I have challenged my students to write a college application essay of at least 300 words every day for 30 days, working off a long list of essay topics. Below is one of my attempts. (Note from the future: Out of about 50 students, 22 actually completed it. I tried but gave up after 18 days.)
#142. Don’t write about reverse psychology. (U of Chicago)
#142. Don’t write about reverse psychology. (U of Chicago)
This writing prompt makes me think of one of my all-time best friends, Colin -- a fellow ESL teacher in Japan, an alcoholic from Liverpool, a guy who could curse in a dozen languages. I only knew him for about a year, but I still count him as a true friend, someone I miss.
I remember a random Sunday morning. The two of us were wandering around Numazu, the city we had just moved to. We were both new to the job and had been paired up as roommates at the Ooka City Plaza by our employer, a large language school. We were going nowhere in particular, maybe just walking off hangovers, maybe just checking out the city, maybe just looking for something to eat.
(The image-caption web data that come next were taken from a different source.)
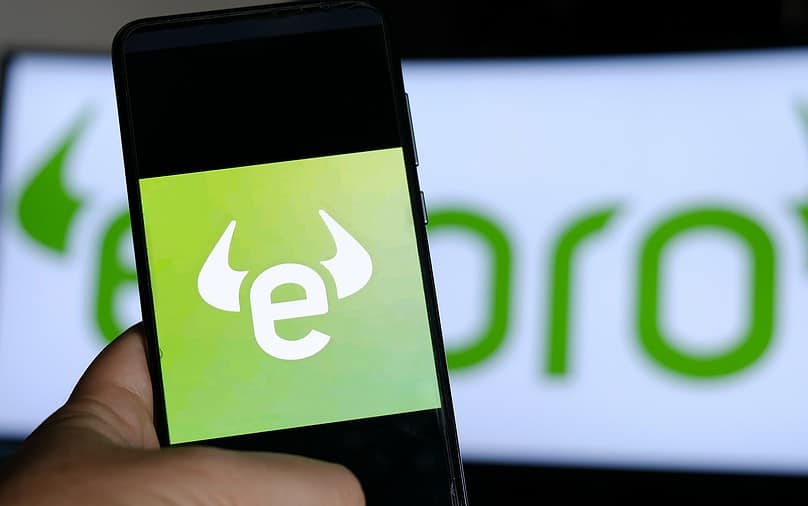 Plattform eToro implementiert Steuerreporting via EasyTax von Regnology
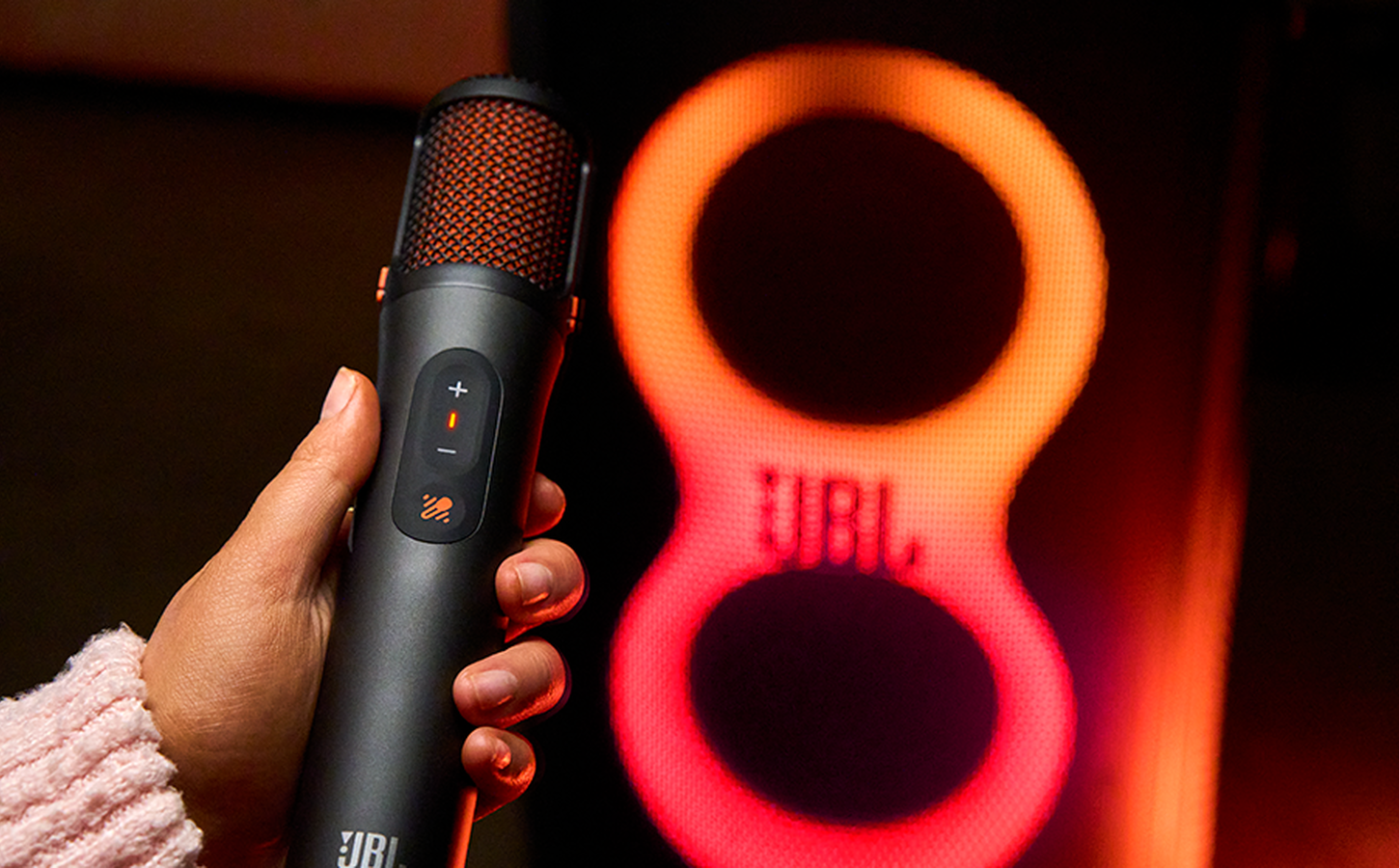 Micrófono JBL EasySing Mics en uso con un PartyBox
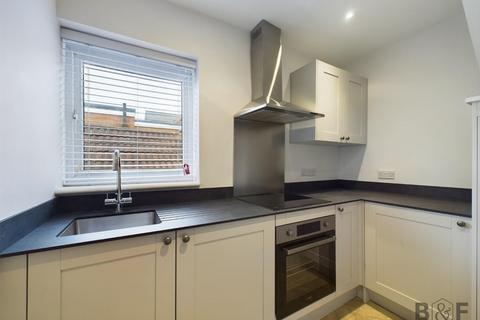 1 bedroom flat to rent, High Street, Staple Hill BS16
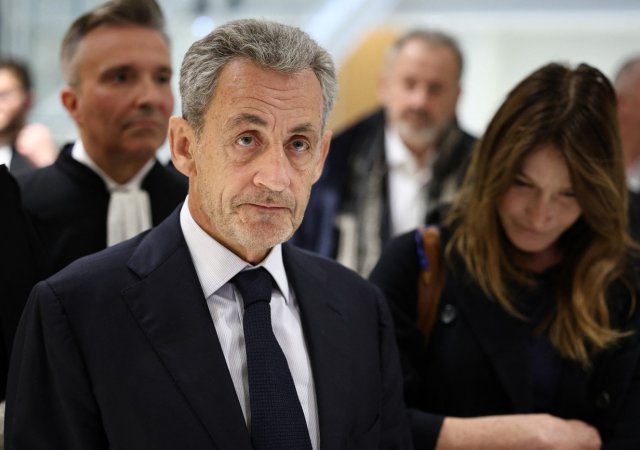 Nicolas Sarkozy s manželkou u soudu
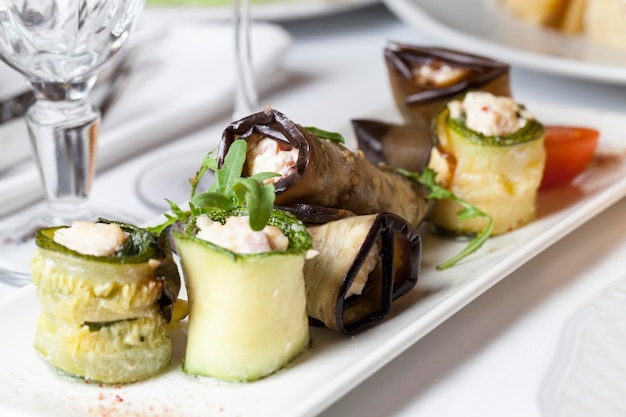 Melanzane ripiene su un tavolo da banchetto, primo piano di melanzane, zucchine e altre verdure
Everything that morning was funny. One of us would point at a tiny car driving by or a grandmother on a bicycle, and both of us would burst into laughter. At one point, Colin pointed at a vending machine full of tiny canned tea -- I wish I had a picture of it -- and we realized it was the funniest thing we had ever seen. How can a vending machine be funny? I don't know, I'm sure it can't, but we laughed. We stood there laughing for a good five minutes, doubled over in pain we were laughing so hard. I looked up and saw our Japanese manager driving by, giving us a strange look. We thought we'd be fired the next day. The thought of being fired made us laugh some more.
I have no idea where Colin is today. We lost track of each other when I still lived in Japan, and that was more than 10 years ago. He truly was an alcoholic, perhaps the one true alcoholic I've ever really known. We got paid at the beginning of each month, and he was broke within two weeks, having spent all of his money on beer and o-sake. I would lend him cash to get him through his two-week dry spells. Some mornings, I'd go to the bathroom and see four or five beer-bottle labels stuck to the wall above the bathtub -- Colin used to take long baths and drink the night away. The drinking didn't drive us apart; even the unreturned loans didn't. I was transferred to a school an hour away and we each found new drinking buddies.
Colin had a way with words. You could tell him a phrase in a foreign language -- like I did with Polish -- and he'd remember it. Forever. His brain soaked up words the way his liver soaked up alcohol. He'd try to pick up girls, usually unsuccessfully, in English, Polish, Japanese, but also French and Mandarin and Hindi. He'd also go on these ridiculous rants. "If the opposite of insane is sane, what is the opposite of invert? Vert? And what's the opposite of incognito?" he'd ask some unsuspecting soul. "If the opposite of undercook is overcook, what's the opposite of understand? Overstand? If it's misunderstand, is the opposite of undercook really misundercook?" And because he was good with words, he'd ask about a slew of negative words with no positives: disdain, disgruntled, dismayed, disrupt, as well as nonchalant, nondescript, and nonplussed. This kind of wordplay always cracked me up, but I could never keep up, could never think of an opposite that he hadn't already mentioned.
I played one of my all-time greatest pranks on Colin one night. We were out at an izakaya, a type of bar that serves big drinks and small plates of food. With us was a couple we had just met -- an American guy and Japanese girl. At one point, maybe because he was out of money, Colin left. The couple and I stayed for another round, then decided to go back to the Ooka City Plaza to hang out and listen to some music. When we walked into the apartment, Colin was lying passed out on the floor in front of his bedroom. It looked like he had sat down to untie his shoes and then just fallen over. I thought of a brilliant plan: I asked the girl to lie down next to Colin -- she did -- and I took took a picture with my Polaroid camera (you know, the kind that instantly develops a tiny, square photo). I taped the photo to Colin's door -- a photo of him "cuddled up" on the floor with some random girl. The next day, he almost had a heart attack. "I swear I remember the walk home, and I was alone," he said. "Well, I don't really remember walking up the stairs, but there's no way I met some girl between the entrance and our door." When I finally told him the truth, all he could do was shake his head and say, "Well done." We laughed about that photo for many weeks.
I have no idea where that photo is today. I think I kept it, but I don't know. The thought of it still makes me smile. The thought of my long-forgotten friend makes me smile, too. If I ever do run into Colin again, I'll finally have something to add to his string of ridiculous questions: "How can a person not write about reverse psychology?"